Roberto Pennisi, magistrato della Direzione generale Antimafia, ha pochi dubbi: “L’autocombustione non esiste” e dietro questi incendi “vi sono solo interessi criminali” perché “si brucia per coprire altri reati”. Il sistema è questo. E in buona parte non coincide con le logiche della criminalità organizzata, più interessata al ciclo del movimento terra e allo sversamento di materiali nelle cave del Milanese. Certo il milieu è borderline, tra balordi con precedenti penali e imprenditori senza scrupoli. Il sistema criminale, poi, sfugge, in parte, alle maglie delle varie polizie giudiziarie. Lo spiegava molto bene l’ex procuratore aggiunto di Milano Giulia Perrotti, sentita dalla Commissione parlamentare d’inchiesta sulle attività illecite connesse al ciclo dei rifiuti nel 2017 e scomparsa lo scorso giugno.

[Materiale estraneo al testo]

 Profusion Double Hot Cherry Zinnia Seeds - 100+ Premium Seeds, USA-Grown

Diceva il magistrato: “Nella realtà lombarda non si sono riscontrati a oggi fenomeni di significativa infiltrazione di organizzazioni criminali nel traffico illecito di rifiuti. Pertanto, l’attribuzione alla Direzione distrettuale antimafia di questa specifica competenza non sempre è stata funzionale alle indagini di un certo spessore, soprattutto perché spesso le indagini partono da ipotesi contravvenzionali”. Ma non c’è solo questo. C’è anche un deficit investigativo causato dallo smantellamento di alcuni organi investigativi. “Fino al gennaio del 2016, che è la data in cui è stata smantellata la polizia provinciale, esistevano sei comandi territoriali della polizia provinciale, distribuiti a garanzia della copertura di tutto il territorio, con 80 operatori, mentre attualmente queste funzioni non vengono più svolte. La maggior parte delle notizie di reato, quindi, proviene dalle polizie locali, le quali non sono adeguatamente preparate in relazione allo svolgimento degli accertamenti fondamentali per il controllo del territorio e soprattutto non hanno le capacità tecniche per effettuare le prime verifiche”.

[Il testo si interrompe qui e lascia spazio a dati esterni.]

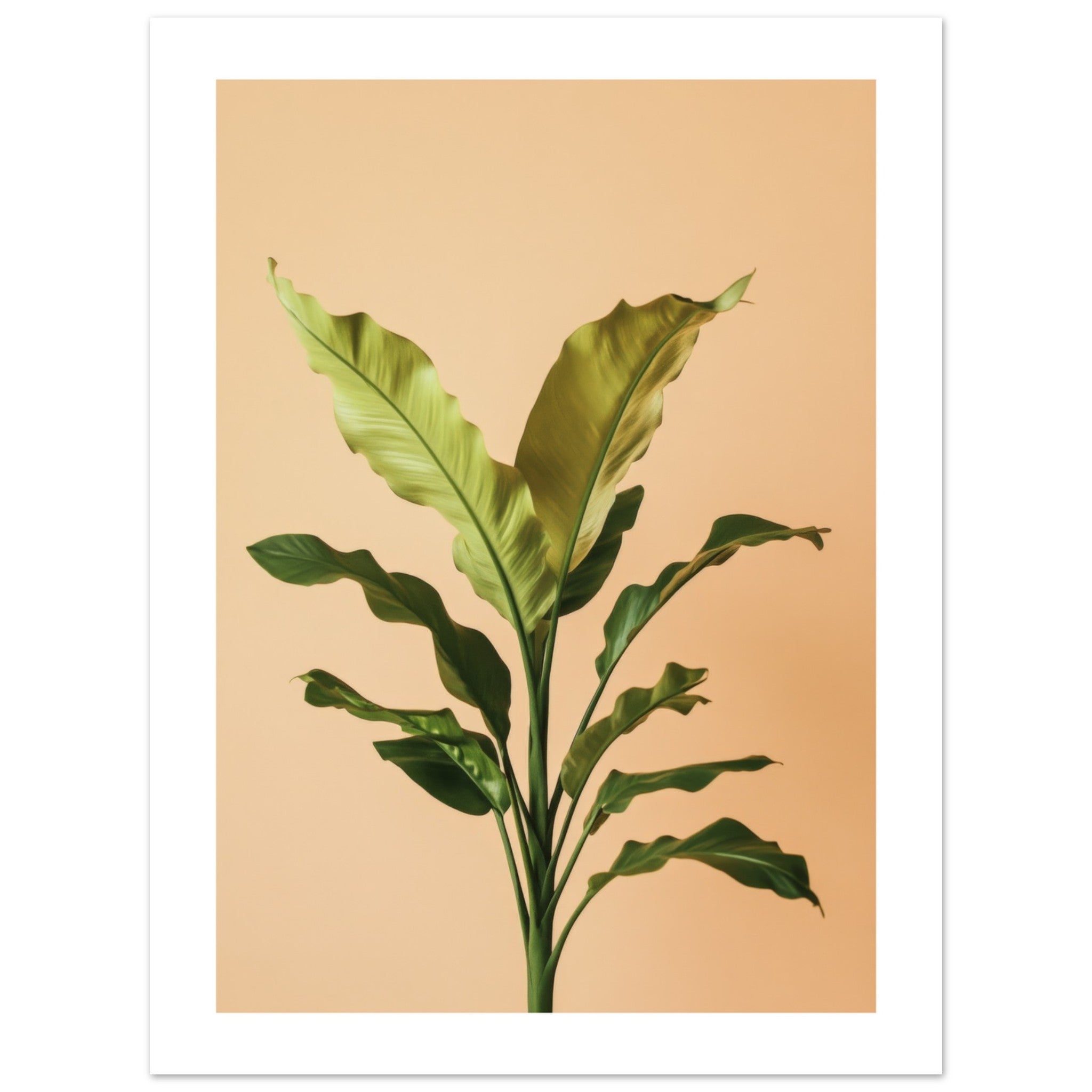 Birds Nest Fern Asplenium nidus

C’è un poi un vuoto investigativo causato dallo smantellamento di alcuni organi investigativi come la polizia provinciale. “Oggi le notizie di reato arrivano dai vigili che sono poco preparati”. Un aspetto che rende ancora inattaccabile il nuovo sistema criminale fotografato, ad esempio, nell’ultima inchiesta della Dda di Milano che l’11 ottobre scorso ha portato all’emissione di sei misure di custodia cautelare proprio per l’incendio doloso di Corteolona. In un verbale, Riccardo Minerba, ritenuto dalla Procura il regista del traffico illecito, spiega in che modo il rifiuto venisse conferito nel capannone: “Stilavamo alcuni formulari, indicando quale destinazione la ditta Brema Srl, fallita da tempo. Una volta a destinazione i formulari venivano distrutti”.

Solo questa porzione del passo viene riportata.